Il est des visages et des personnalités qui laissent des traces et des empreintes si profondes qu’ils en viennent à se confondre avec l’histoire de l’École. Dès lors, il faut procéder à leur descellement pour restituer leur singularité, façon aussi de leur rendre justice, en donnant une visibilité à la part d’ombre de l’École que sont les fonctions administratives, rarement mises en lumière.

Françoise Weyer est l’une des figures qui incarnent au plus près la manière dont l’École ne peut être dissociée d’une administration qui a toujours fait corps avec elle. Or, le terme administration recouvre des parcours et des fonctions très hétéroclites, l’École attirant des profils non totalement formatés.

Tel est le cas de Françoise Weyer.

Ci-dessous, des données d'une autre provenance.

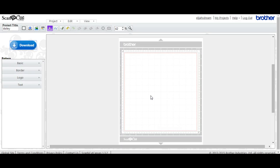This is just going to be a really quick one on how to use Scan and Cut Canvas software for people that are brand new to it and have never used it before. This is a web-based program.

Titulaire d’une maîtrise de Lettres modernes, elle entre à L’École comme agent contractuel en 1983, affectée au paiement des vacations, puis au service des missions ; elle rejoint ensuite la division des relations internationales, pour en 2007, seconder Yves Hersant à la direction de la mention « Théorie et pratiques du langage et des arts », du Master de l’École. Elle fut reçue au concours d’attachée d’administration en 1996, devint ingénieure d’études 1ère classe en 2007, et elle a pris sa retraite au 1er septembre 2013. Volontairement elliptique, ce raccourci d’une carrière de trente ans passés au service de l’École entend laisser la place à un regard éloigné du style curriculum pour retraité-e-s.

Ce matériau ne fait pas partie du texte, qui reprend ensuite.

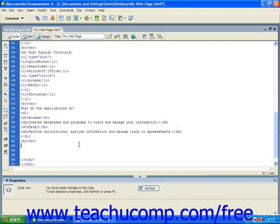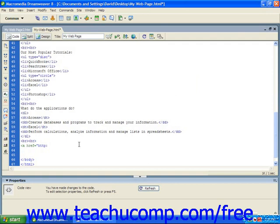So in our example let's add a link to the teachucomp homepage. To do so we are going to start by typing in the anchor tag href equals and then in quotes we are going to add our link and then we're going to end the tag and follow that by the text that's going to become the link.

Françoise Weyer est beaucoup plus qu’une carrière sur le papier ; c’est une façon d’être et de faire, qui, bien que relevant de l’administration n’a jamais été bureaucratique et uniquement gestionnaire. Surdiplômée par rapport au poste occupé à son entrée à l’École, Françoise Weyer dont les deux parents étaient universitaires, a toujours su créer des passerelles entre enseignants et administratifs, puisqu’elle participait des deux mondes, tant par sa culture acquise que par son ancrage familial. Son intelligence des situations, son humour corrosif, et son sens de l’organisation pour venir à bout ou contourner des tracasseries administratives ne le cèdent en rien à une présence généreuse pour ceux et celles dont elle a eu la responsabilité. Elle ne s’est jamais contentée de gérer des dossiers, attentive qu’elle est à des personnes singulières, en leur réservant un accueil et une écoute sur mesure. Françoise Weyer s’inquiétait toujours de savoir si les vacations seraient payées à temps ; elle accompagnait chaque professeur invité dans le dédale des démarches administratives ; elle prenait le temps d’expliquer aux étudiants les obligations d’un master, de sorte qu’elle n’a jamais seulement occupé des postes successifs, elle les a constamment redéfinis en élargissant son périmètre d’action.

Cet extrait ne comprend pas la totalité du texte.